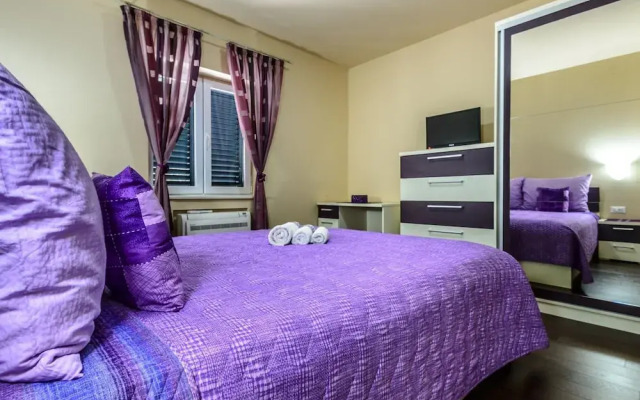 Villa Pave - Six-bedroom Villa With Terrace and Swimming Pool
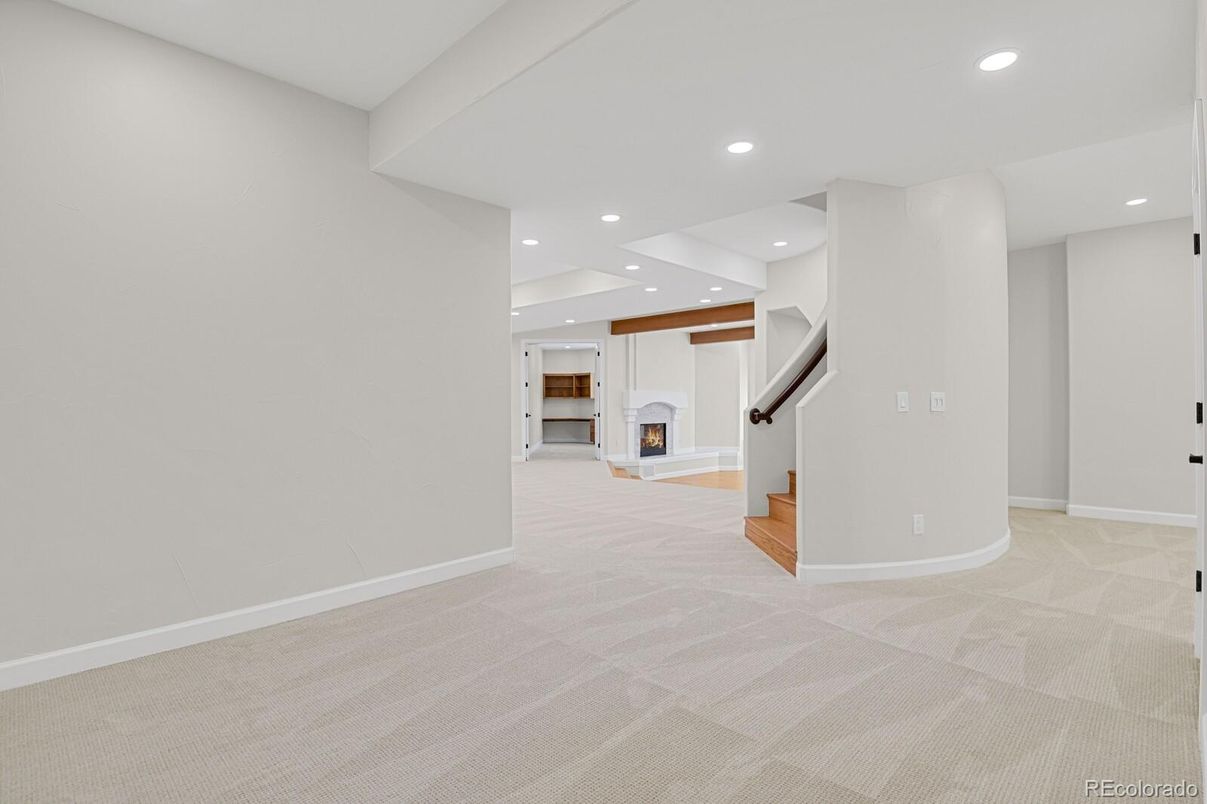 Fireplace, Interior, Recessed Lighting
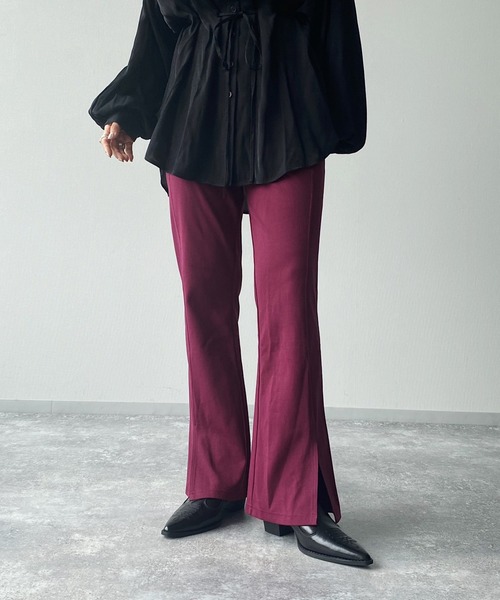PAGEBOY(ページボーイ)の「フロントシームスリットカットパンツ(フレアパンツ)(その他パンツ・レディース・ブラック/ダークブラウン/レッド系その他・FREE)」の3枚目の写真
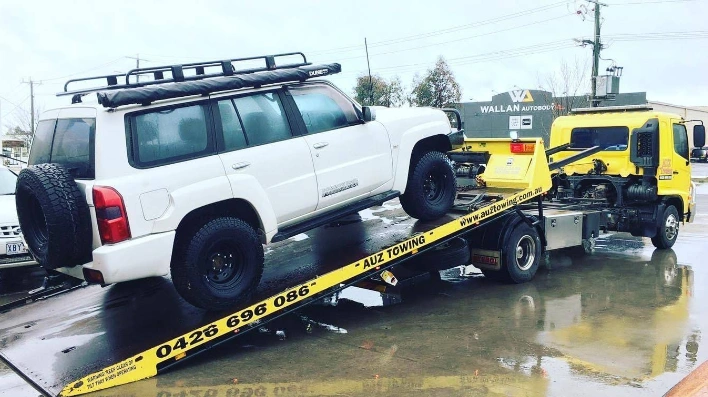 Why Choose Our Towing Services?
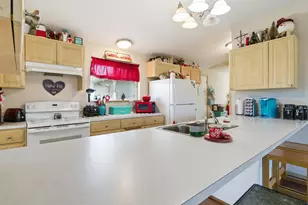 306 SE 8th St, Madras, OR 97741 - Photo 16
-=-=-=-=-
> **PROBLEM TO WORK ON**
Each line above is to be transcribed exactly, though its pictures are not.

> **OUTPUT OF THE TASK**
 Villa Pave - Six-bedroom Villa With Terrace and Swimming Pool
 Fireplace, Interior, Recessed Lighting
PAGEBOY(ページボーイ)の「フロントシームスリットカットパンツ(フレアパンツ)(その他パンツ・レディース・ブラック/ダークブラウン/レッド系その他・FREE)」の3枚目の写真
 Why Choose Our Towing Services?
 306 SE 8th St, Madras, OR 97741 - Photo 16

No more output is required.